Protective and Marine: ‘A Nice Lift’
“Our protective and marine business has been performing nicely over the last several quarters,” with demand increasing in many markets, Connor noted in a conference call to discuss the report.
The company has been emphasizing with investors that “this is an area that maintenance really can't be deferred for long periods of time,” Connor said. “A lot of the stimulus money that went into our country and other countries around the world is starting to wind its way into paint portions of those projects.
“And so we're seeing a nice lift in that business literally around the globe, both in the U.S. businesses as well as our Global Group segment.”
The improvement is mainly coming from the protective side, with coatings for steel and concrete in corrosive environments, he added.
Global Finishes Group
Overall, first-quarter net sales in the Global Finishes Group increased a whopping 49.6% to $630.2 million, due to acquisitions, higher paint sales volume, selling price increases, and favorable currency rates.
Segment profit increased in the quarter to $36.8 million from $23 million year over year, largely due to increased paint sales volume and good expense control, the company said.

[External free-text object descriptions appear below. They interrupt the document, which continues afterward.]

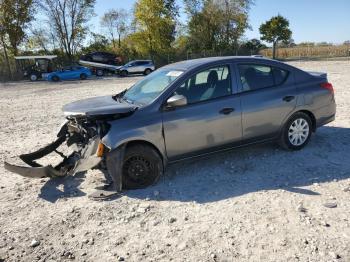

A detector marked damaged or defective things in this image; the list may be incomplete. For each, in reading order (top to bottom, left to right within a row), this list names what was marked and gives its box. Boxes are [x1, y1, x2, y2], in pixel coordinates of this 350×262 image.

crumpled hood [62, 95, 136, 116]
detached front bumper [4, 133, 103, 178]
damaged front end of car [5, 94, 138, 192]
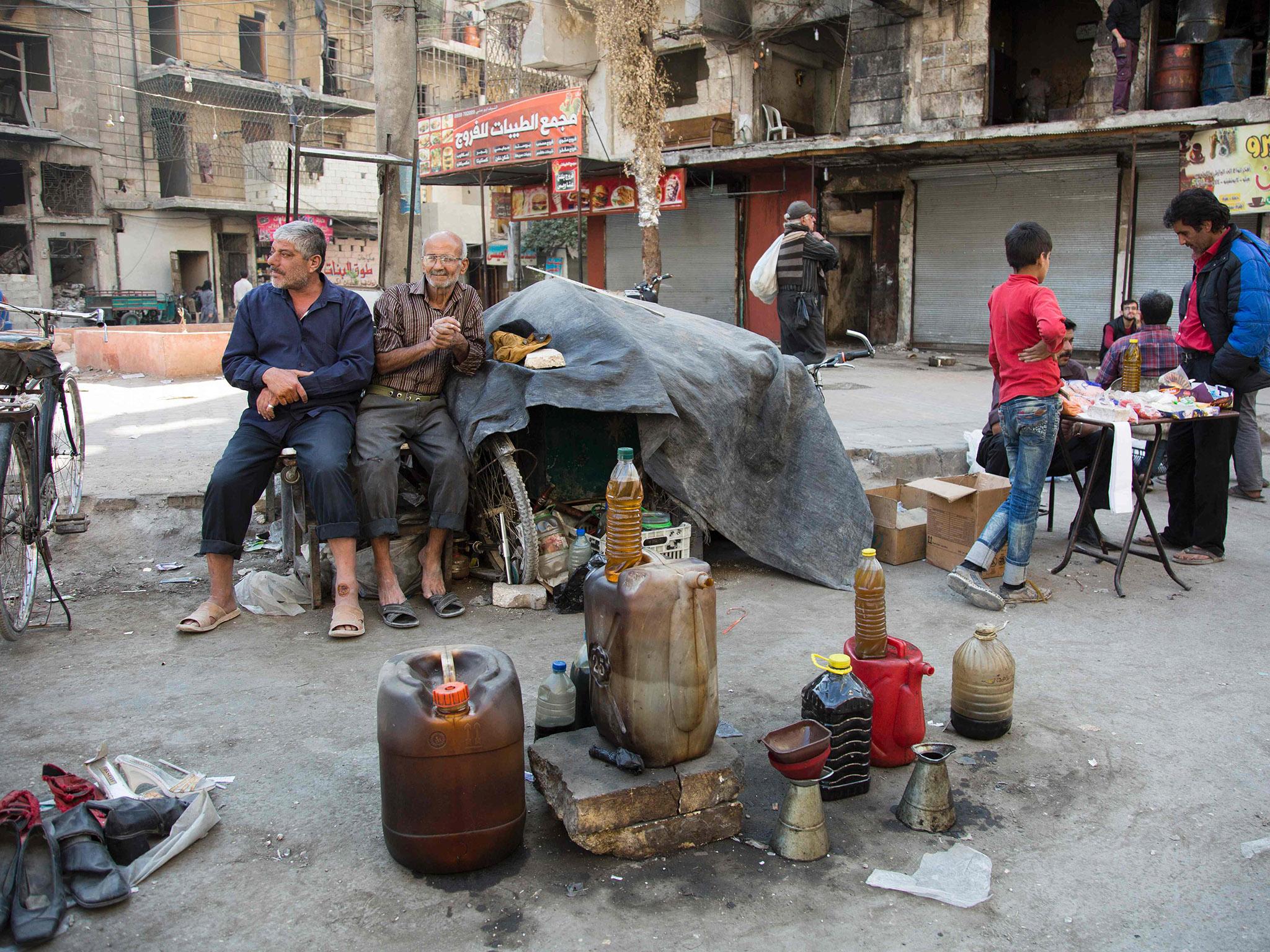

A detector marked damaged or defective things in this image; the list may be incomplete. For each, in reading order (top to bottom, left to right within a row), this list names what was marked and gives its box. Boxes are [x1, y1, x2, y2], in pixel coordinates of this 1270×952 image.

broken window [149, 0, 181, 65]
broken window [240, 15, 265, 78]
broken window [660, 48, 711, 108]
broken window [38, 164, 92, 218]
damaged concrete building [487, 0, 1270, 353]
broken window [0, 226, 30, 275]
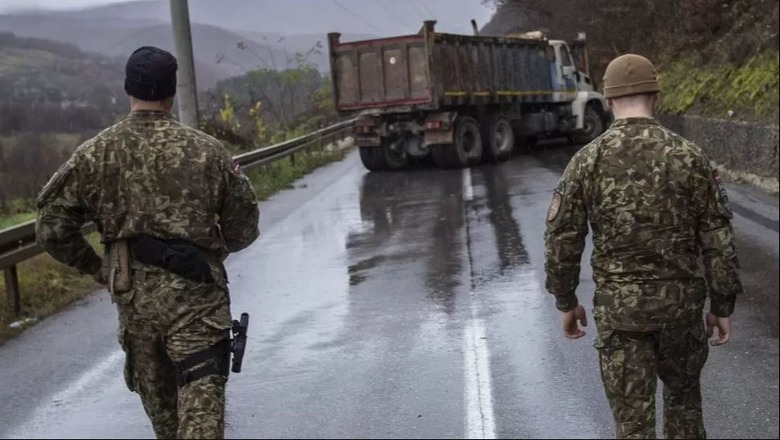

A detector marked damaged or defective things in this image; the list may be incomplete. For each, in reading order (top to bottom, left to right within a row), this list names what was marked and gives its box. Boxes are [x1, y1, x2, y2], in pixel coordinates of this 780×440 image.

rusty truck bed [330, 21, 556, 113]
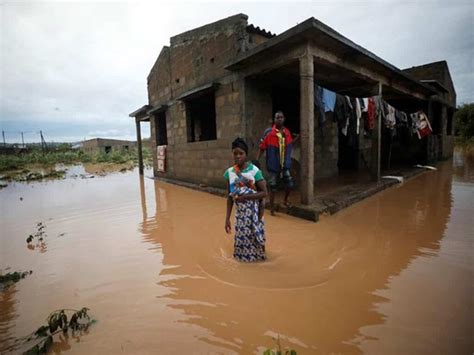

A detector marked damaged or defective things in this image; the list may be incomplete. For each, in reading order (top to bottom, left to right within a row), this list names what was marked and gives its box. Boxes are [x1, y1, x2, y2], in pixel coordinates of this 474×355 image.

damaged building [130, 14, 456, 209]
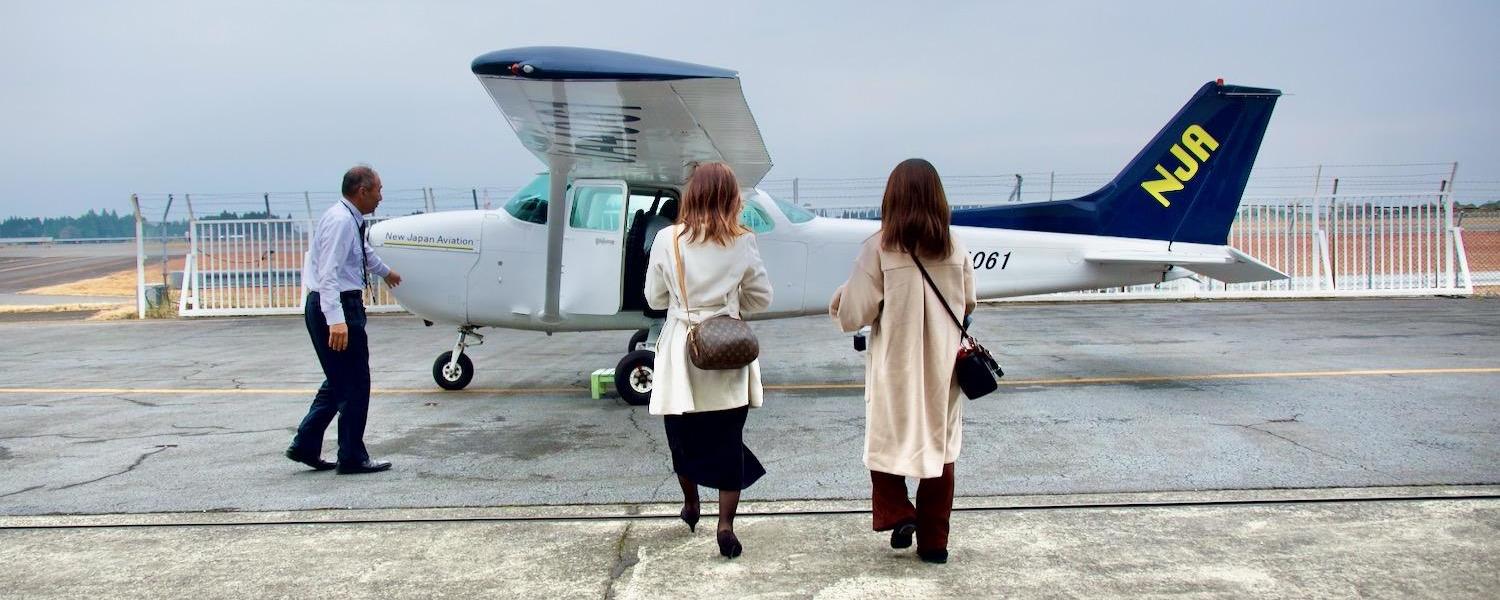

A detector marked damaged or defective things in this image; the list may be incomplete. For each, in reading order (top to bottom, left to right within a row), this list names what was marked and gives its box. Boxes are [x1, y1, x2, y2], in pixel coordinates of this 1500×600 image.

crack in pavement [55, 444, 175, 492]
crack in pavement [1206, 417, 1392, 477]
crack in pavement [603, 519, 639, 600]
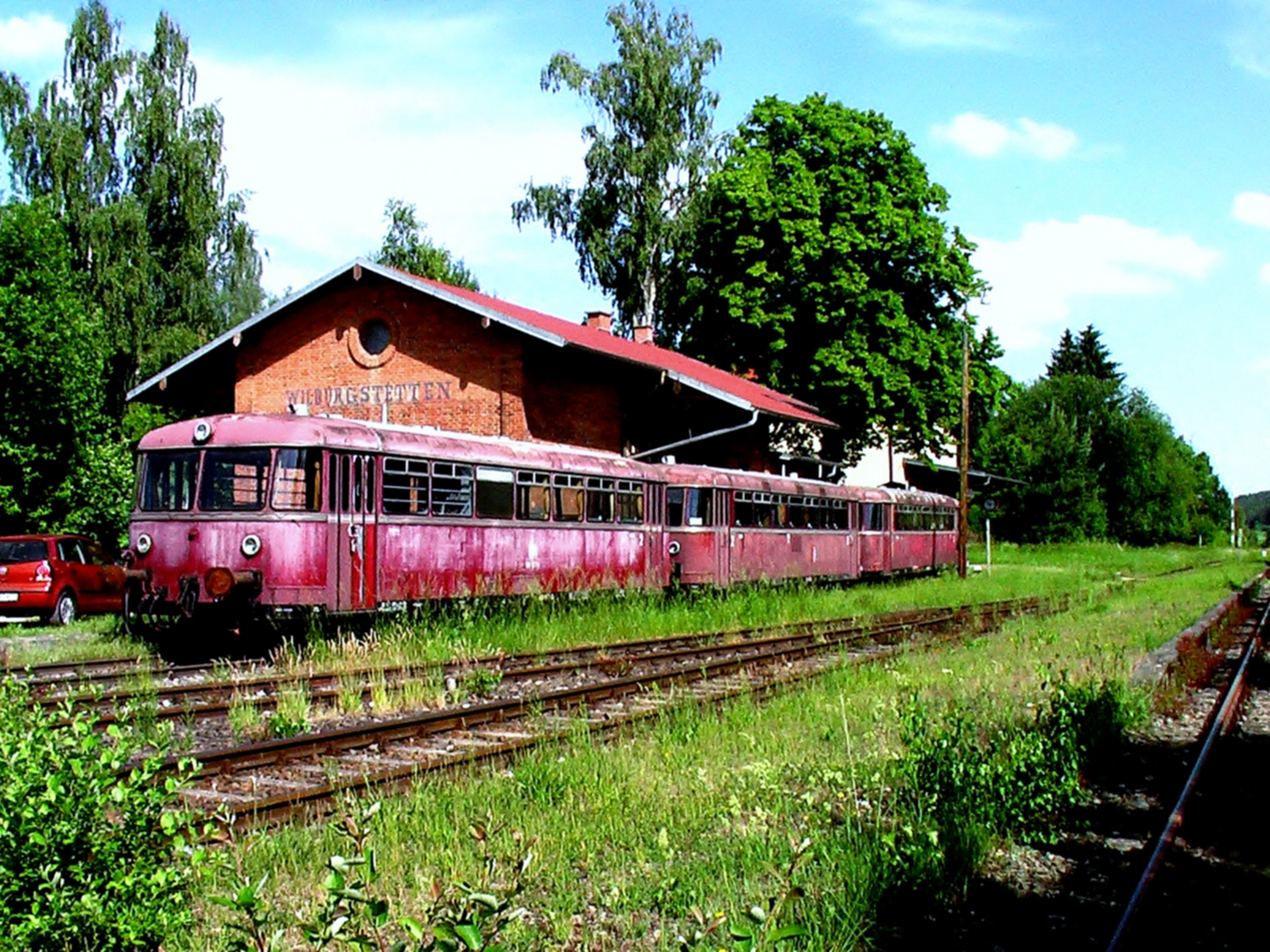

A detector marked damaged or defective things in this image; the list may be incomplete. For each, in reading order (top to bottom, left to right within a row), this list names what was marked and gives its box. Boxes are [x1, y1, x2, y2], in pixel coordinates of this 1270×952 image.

rusty train car [124, 414, 960, 642]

As a percent to net external sales, segment profit was 5.8% in the quarter versus 5.5% last year.
The group acquired three companies over the last year, Connor noted: Acroma and Sayerlack in Europe and Pinturas Condor in Ecuador. The acquisitions “had a small impact on our first quarter consolidated net income” but “expand our global reach and provide important assets to support our worldwide business,” he said.
First-quarter net sales of the Consumer Group inched up 1% to $294.9 million, due primarily to higher selling prices. Connor reported “essentially flat” store volumes, “continuing strains” in the residential repaint market, and “year-over-year declines” in demand related to new construction.
The group has also been stung by the loss of its contract with Walmart. The world’s largest retailer announced in September that it was dropping Sherwin-Williams’ Dutch Boy brand in favor of Akzo Nobel’s Glidden beginning early this year.
Nevertheless, company said, segment profit increased to $41.1 million in the quarter from $37.5 million last year. Cost controls and higher prices also increased segment profit as a percent of net external sales to 13.9% from 12.8% last year.
The company opened seven net new locations last year and expects to open 50 to 60 net new stores this year, Connor said. The company operates more than 3,900 stores worldwide.
The company is forecasting a strong second quarter, with an 8% to 13% consolidated net sales increase over last year’s second quarter. Connor said the company expected diluted net income per common share of $1.65 to $1.75 for the second quarter of 2011, compared to $1.64 in 2010.
For the full year 2011, the company expects consolidated net sales to increase above 2010 levels “by a high single-digit percentage,” Connor said, with diluted net income per common share in the range of $4.65 to $5.05, compared to $4.21 in 2010.